STORED DATA: Begin

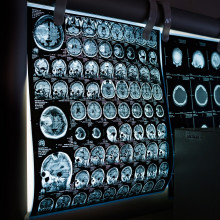 MRI scans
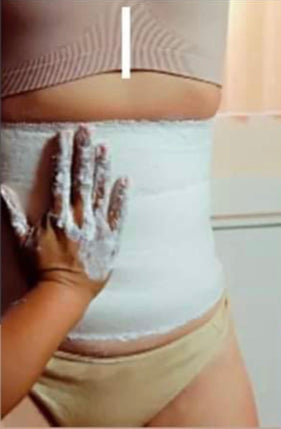 Stomach Fat Wrap -  Canada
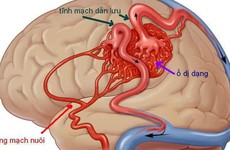 Bệnh dị dạng mạch máu não có thể gây đột tử không?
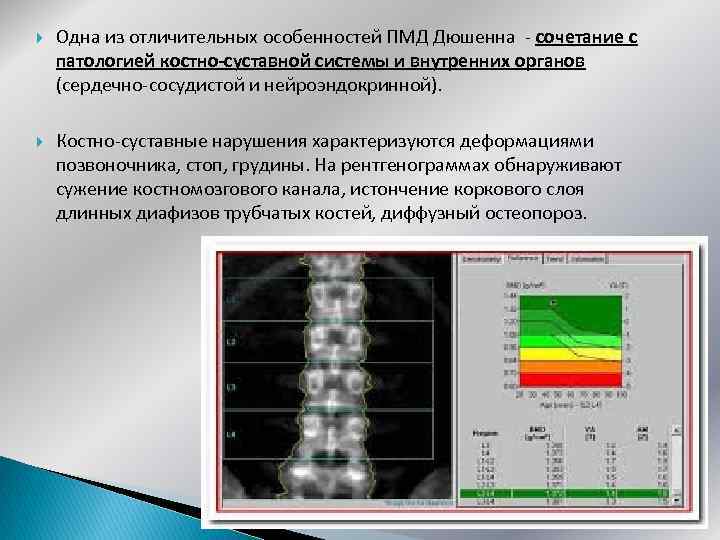  Одна из отличительных особенностей ПМД Дюшенна - сочетание с патологией костно-суставной системы и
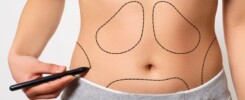 abdominoplastia pós-bariátrica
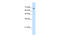 Transmembrane 9 Superfamily Member 1 antibody, 31-344, ProSci, Western Blot image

STORED DATA: End

◆ ASSIGNED TASK: What is needed is the data above, retyped exactly, with every picture left out.

◆ OUTPUT BELOW:
 MRI scans
 Stomach Fat Wrap -  Canada
 Bệnh dị dạng mạch máu não có thể gây đột tử không?
  Одна из отличительных особенностей ПМД Дюшенна - сочетание с патологией костно-суставной системы и
 abdominoplastia pós-bariátrica
 Transmembrane 9 Superfamily Member 1 antibody, 31-344, ProSci, Western Blot image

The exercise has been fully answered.